Exercise goal: Retype the line with "Kars’ta Uyuşturucu Operasyonu: 3" exactly. Then retype every line after it through the end of the entries below, and nothing more, leaving out pictures.

━━━━━ Provided records ━━━━━

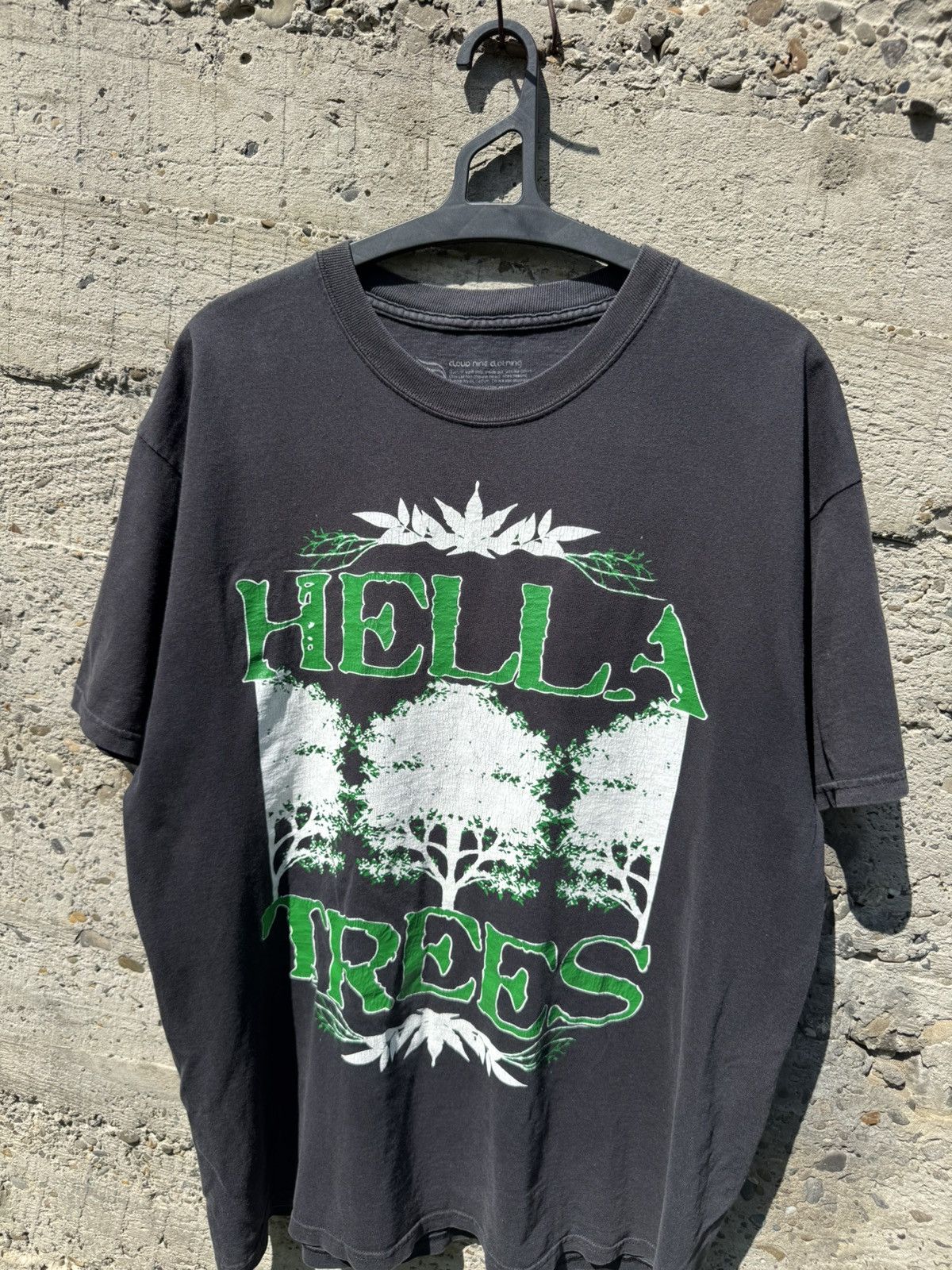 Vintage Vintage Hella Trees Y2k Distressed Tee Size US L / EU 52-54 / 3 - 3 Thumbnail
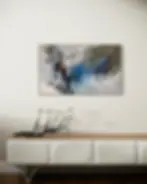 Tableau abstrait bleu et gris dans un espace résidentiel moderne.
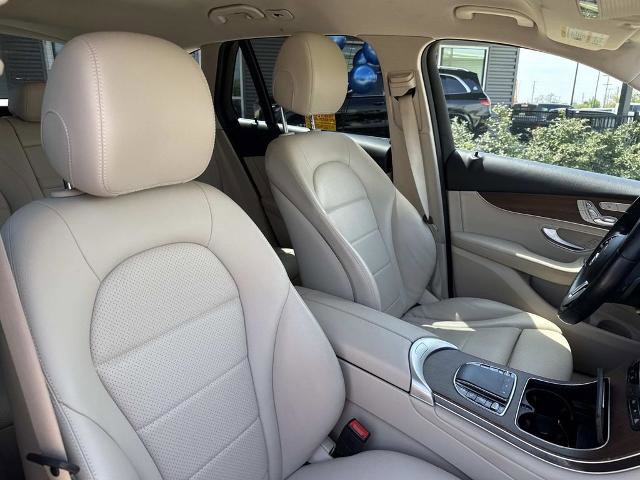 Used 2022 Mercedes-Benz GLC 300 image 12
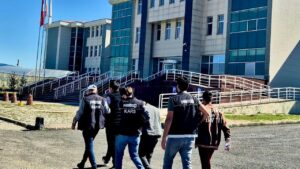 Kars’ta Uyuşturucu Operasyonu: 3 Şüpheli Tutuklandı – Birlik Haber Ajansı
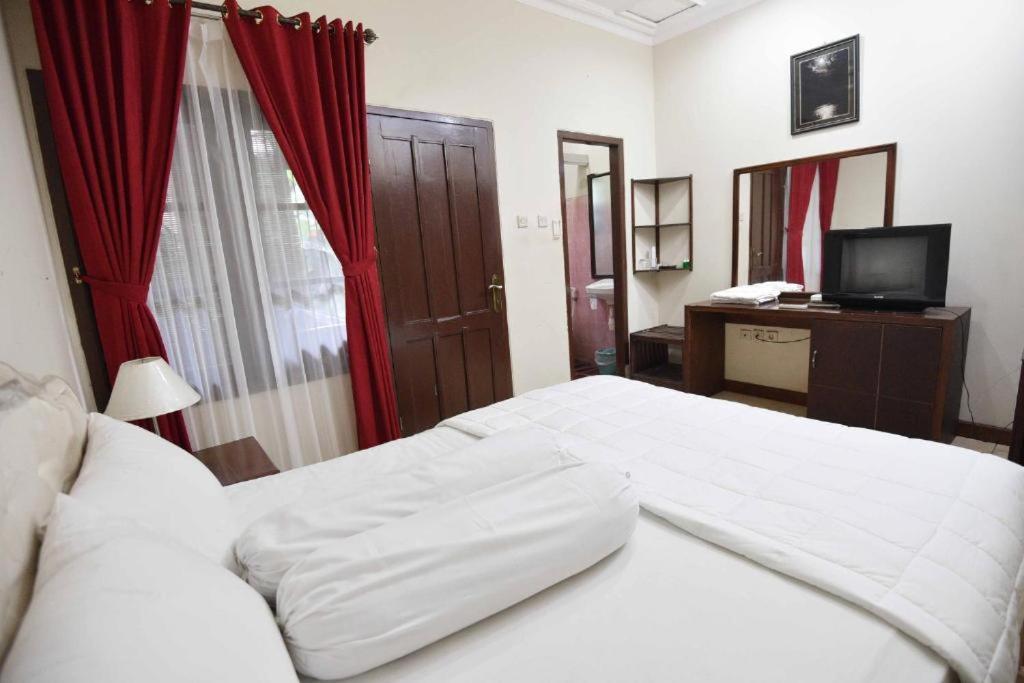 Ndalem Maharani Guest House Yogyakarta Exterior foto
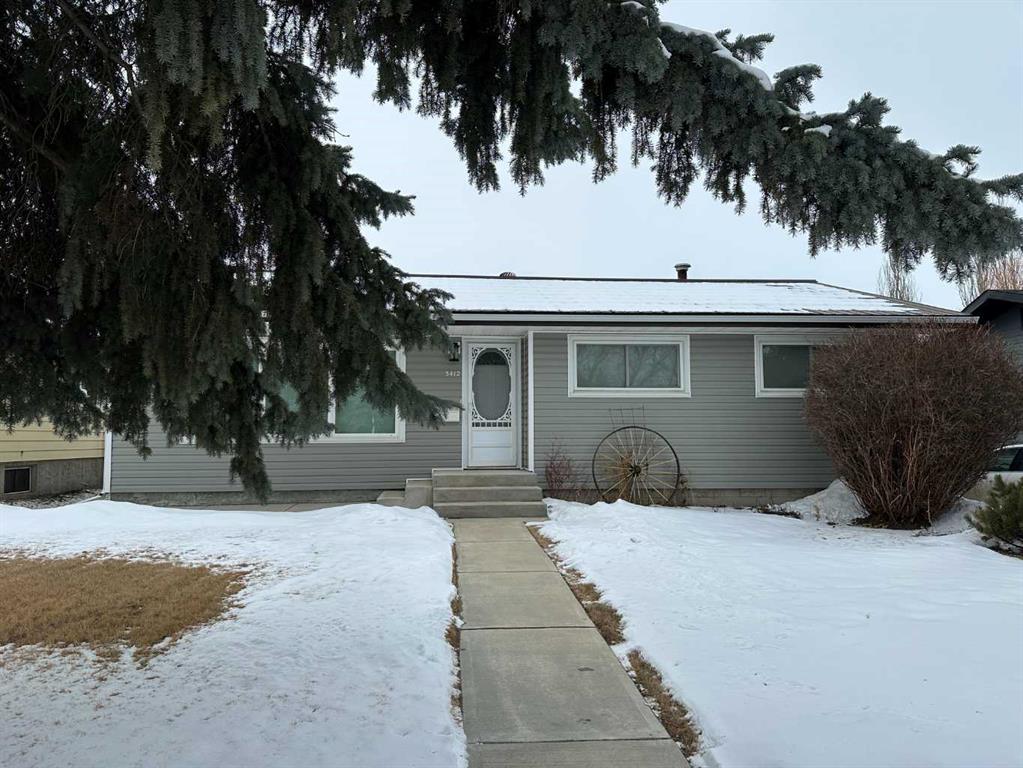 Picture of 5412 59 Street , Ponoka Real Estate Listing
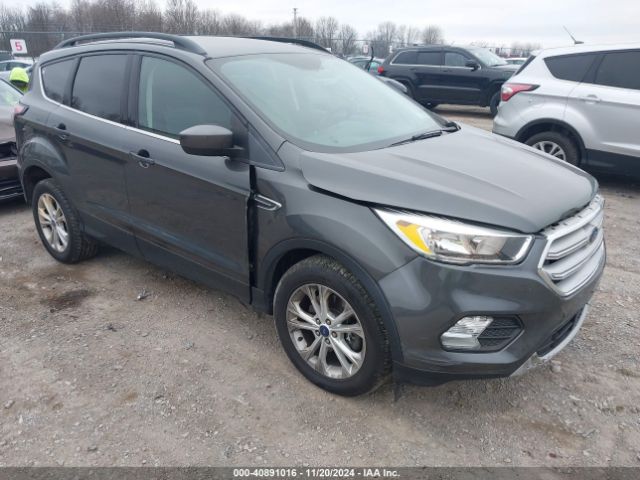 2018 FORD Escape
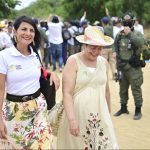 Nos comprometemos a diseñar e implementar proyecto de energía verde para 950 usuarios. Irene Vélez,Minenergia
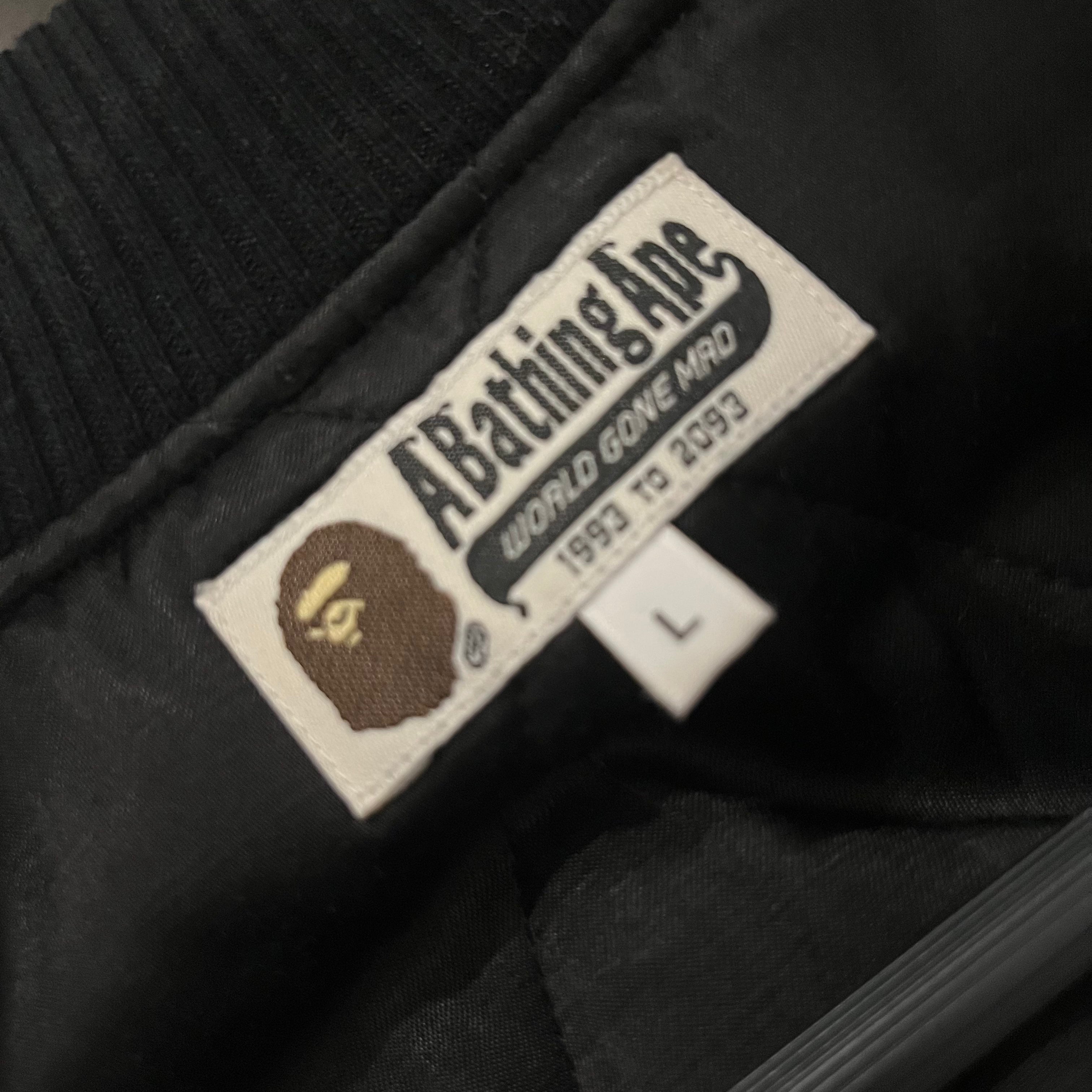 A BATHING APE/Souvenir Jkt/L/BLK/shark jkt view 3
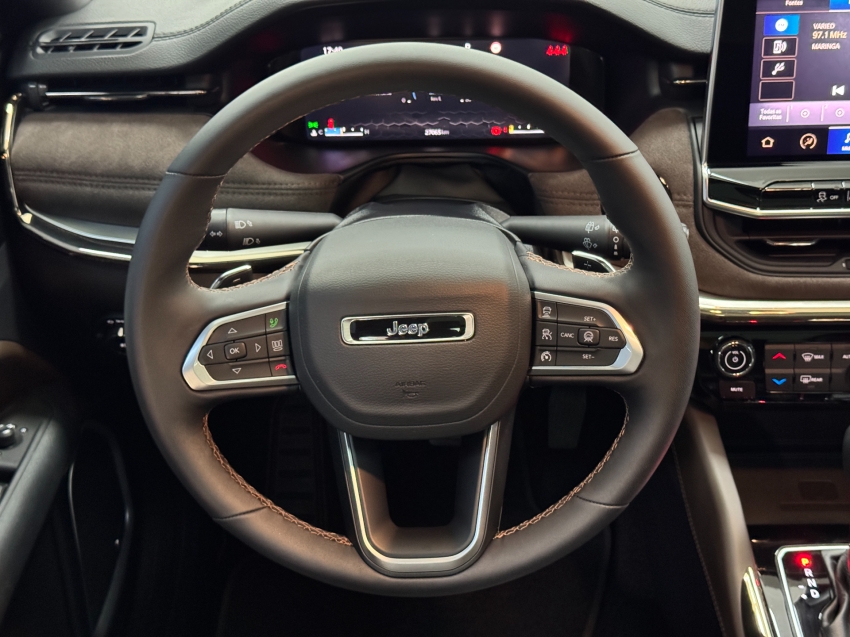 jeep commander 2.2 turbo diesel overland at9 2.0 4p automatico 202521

━━━━━

Response to this exercise:
 Kars’ta Uyuşturucu Operasyonu: 3 Şüpheli Tutuklandı – Birlik Haber Ajansı
 Ndalem Maharani Guest House Yogyakarta Exterior foto
 Picture of 5412 59 Street , Ponoka Real Estate Listing
 2018 FORD Escape
 Nos comprometemos a diseñar e implementar proyecto de energía verde para 950 usuarios. Irene Vélez,Minenergia
 A BATHING APE/Souvenir Jkt/L/BLK/shark jkt view 3
 jeep commander 2.2 turbo diesel overland at9 2.0 4p automatico 202521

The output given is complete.